Despite being widely acknowledged as having the greatest knowledge of Bwindi and Mgahinga forests, Batwa have had no formal role in the conservation of the wildlife. Only recently, UOBDU through Forest Peoples Programmes and Uganda Wildlife Authority (UWA) has come up with initiatives to exploit their knowledge of the forests so as to give better services to the tourists, render economic support and preserve Batwa traditional knowledge.
Assisted by UOBDU, 64 Batwa elders and clan heads that possess vast knowledge of the impenetrable forest have drawn a detailed map capturing all physical features and important spots in the jungle, some hitherto unknown to the wildlife conservation workers in the area. They presented the map on July 20 to UWA, government officials and UOBDU funders at Mubano Hotel in Kisoro Town.

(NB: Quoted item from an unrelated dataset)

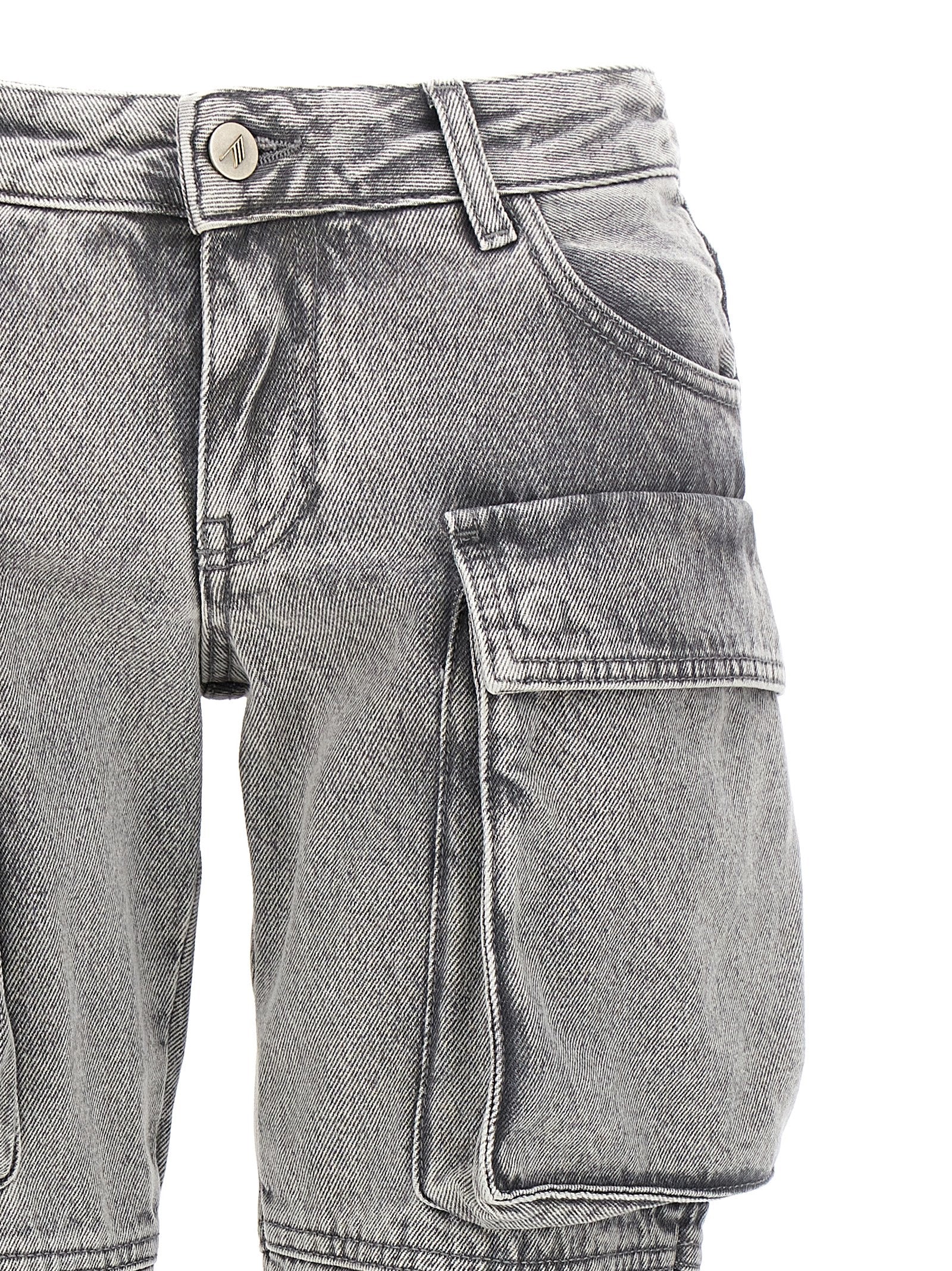The Attico Gray Cotton Cargo Pants for Women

Developed with technical assistance of experts, it details the territories inhabited by various clans, hills, rivers, homes for gorillas, hot springs, mineral-rich spots, worshiping places, caves and gorges.
The map is to be used by UWA in wildlife conservation initiatives and it will be a record of the traditional knowledge and life of Batwa which will serve as a reference for their children and future generation. "Such knowledge would directly lead to a better understanding of Bwindi and its biodiversity and allow an opportunity for Batwa to directly engage in the conservation of Bwindi. It is a documentation of Batwa's traditional life which will be important to their children," says Ms Penninah Zanika, UOBDU Programme Coordinator.

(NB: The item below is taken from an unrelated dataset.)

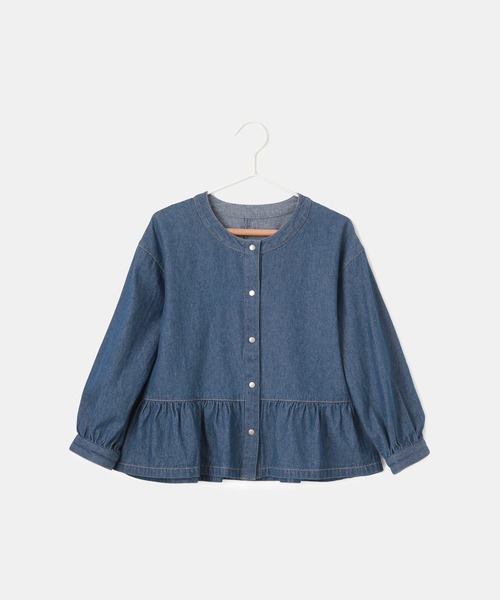 ROPE' PICNIC（ロペピクニック）の「【KIDS】裾フリルデニムブルゾン（ブルゾン・キッズ・ネイビー/サックスブルー・S/M/L）」の3枚目の写真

UWA Conservation Area Manager Bwindi-Mgahinga National Parks Pontious Ezuma says he was overwhelmed by the knowledge of the Batwa about the area and would use it to make his patrols in the 331sq Km forest.

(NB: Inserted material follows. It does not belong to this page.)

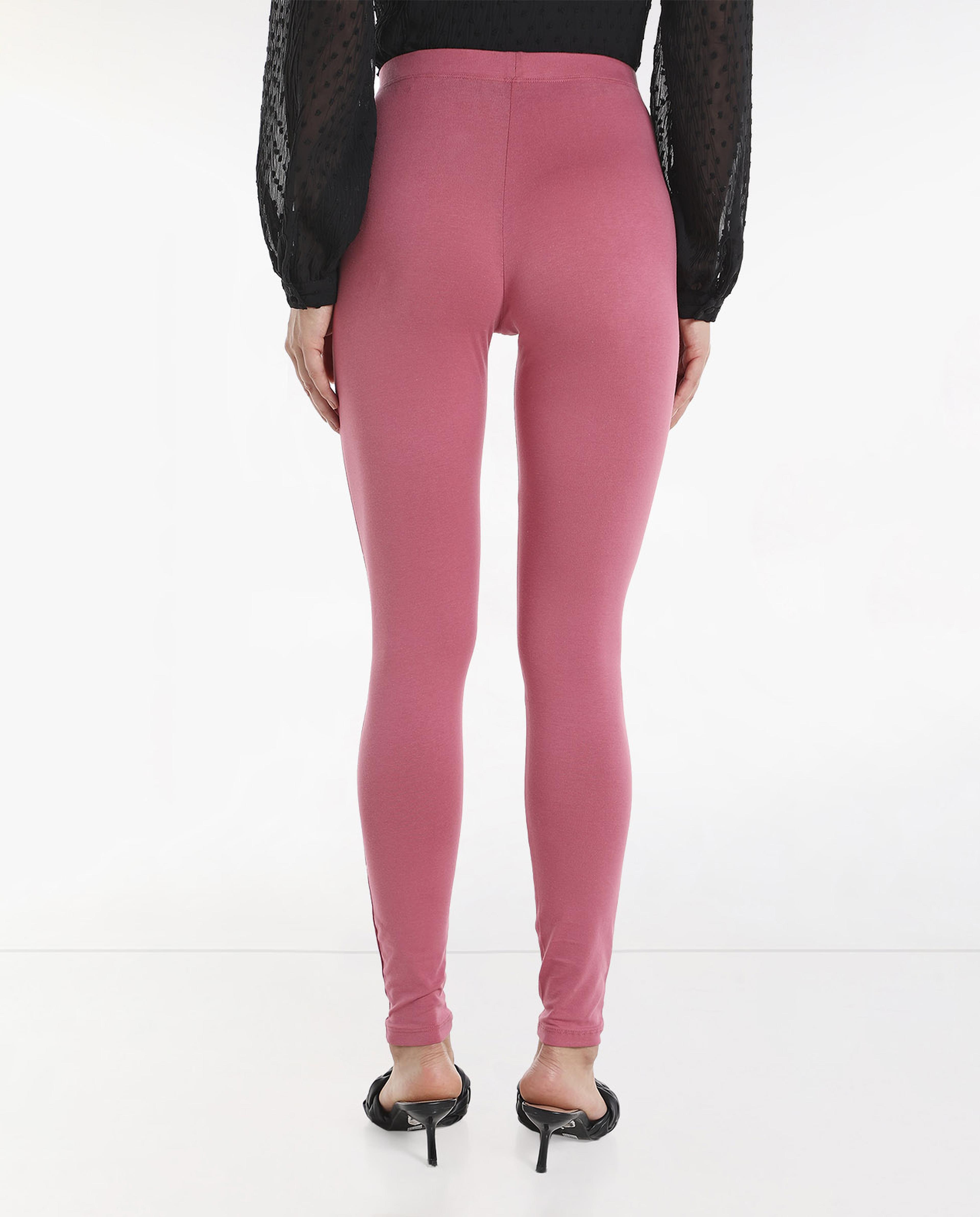 Solid High Rise Leggings with Slip-On Closure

Mr David Kiiza, a member of the Batwa community, said he was happy for the opportunity given to them to reflect on the forest life and for knowledge preservation that will go a long way to benefit "our children after we are long gone". But the presentation of the map of the wildlife times evoked nostalgic feelings among the Batwa audience; about the deprived life, majority saying they can go back to the forests given the opportunity.
Ms Joan Singakayanje, another community member who looks to be in her 50s, says she still sneaks into the forest to worship and carry out other rituals. "I still know and locate our place of worship. It is near a swamp and I still go there to pray," she says. She adds: "I have never had an injection in my life. I use herbs. Some of us can go back after all we are not better of where we are."
Mr Habyarimana says they were friendly to the fierce wild animals that today, on mere sight, send many people scampering for their lives. "We lived with all sorts of animals; snakes and gorillas harmoniously. Whenever you met a snake it would wait for you to cross. No animals ever harassed us," he adds.
The presentation was climaxed with a Batwa cultural dance.Unfortunately, for Ms Singakayanje and others nostalgic about wildlife times, it will never be possible to return to their ancestral forest home.
Alfred Tumushabe. The Monitor. Kampala. 13th August 2011.